= Work to be completed =
All of the data should be reproduced word for word, though its pictures must be omitted.

= Stored data =
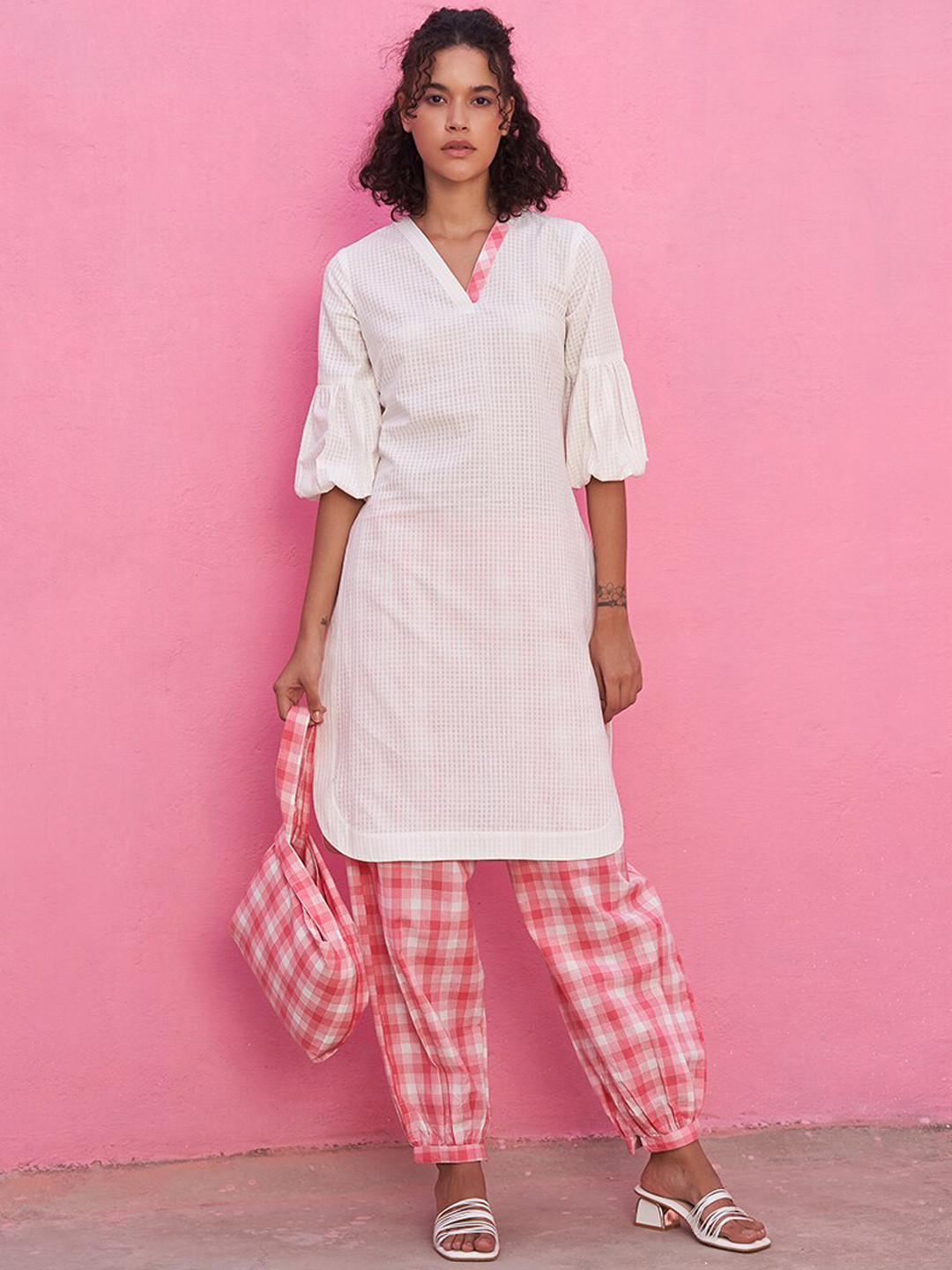 Buy Abhishti Self Design V Neck Puff Sleeves Pure Cotton Kurta With
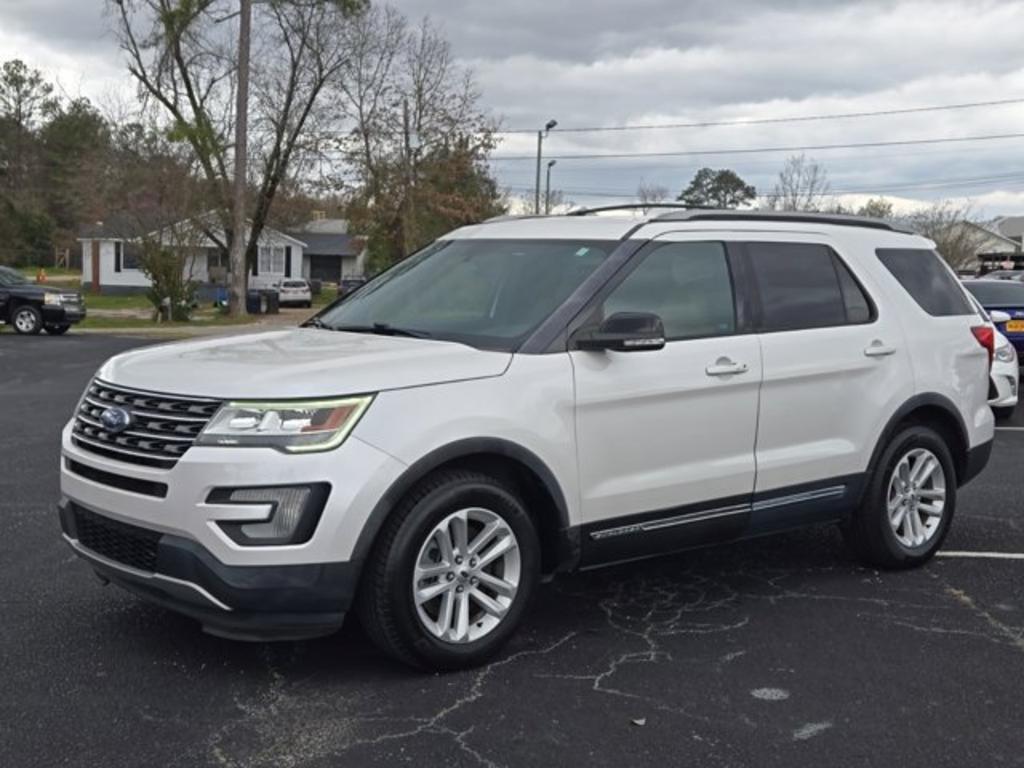 2016 Ford Explorer  photo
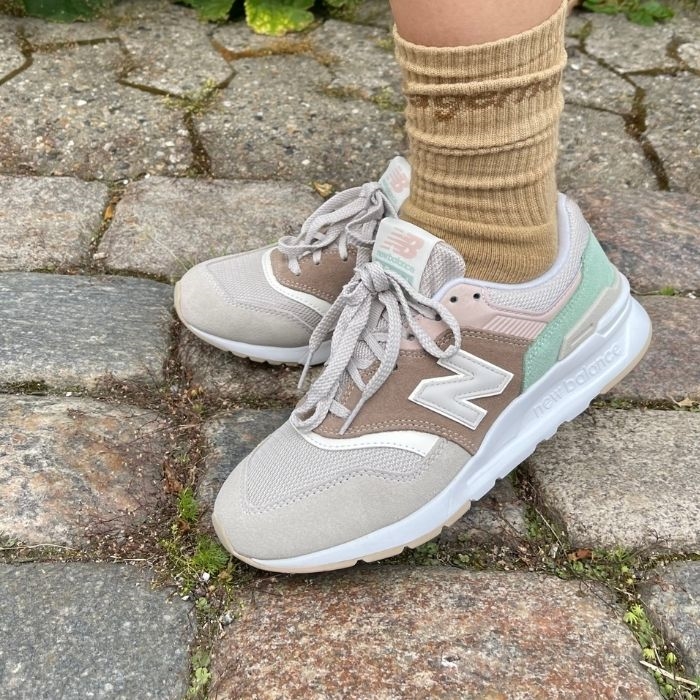 997 tan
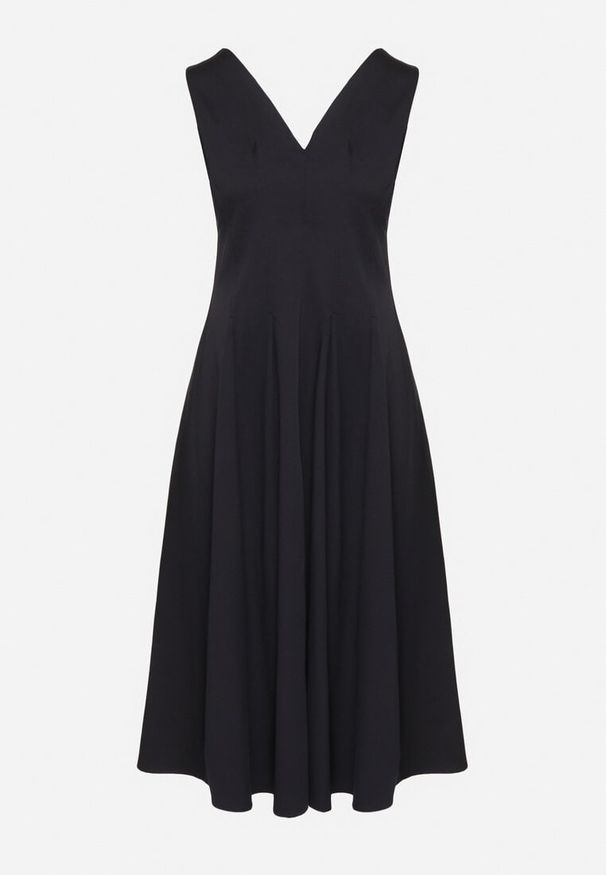 Born2be - Granatowa Sukienka o Rozkloszowanym Kroju z Dekoltem w Serek Alifia. Okazja: na spacer, na co dzień, na imprezę. Typ kołnierza: dekolt w serek. Kolor: niebieski. Długość rękawa: bez rękawów. Typ sukienki: rozkloszowane, proste. Styl: casual, klasyczny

= Your solution =
 Buy Abhishti Self Design V Neck Puff Sleeves Pure Cotton Kurta With
 2016 Ford Explorer  photo
 997 tan
 Born2be - Granatowa Sukienka o Rozkloszowanym Kroju z Dekoltem w Serek Alifia. Okazja: na spacer, na co dzień, na imprezę. Typ kołnierza: dekolt w serek. Kolor: niebieski. Długość rękawa: bez rękawów. Typ sukienki: rozkloszowane, proste. Styl: casual, klasyczny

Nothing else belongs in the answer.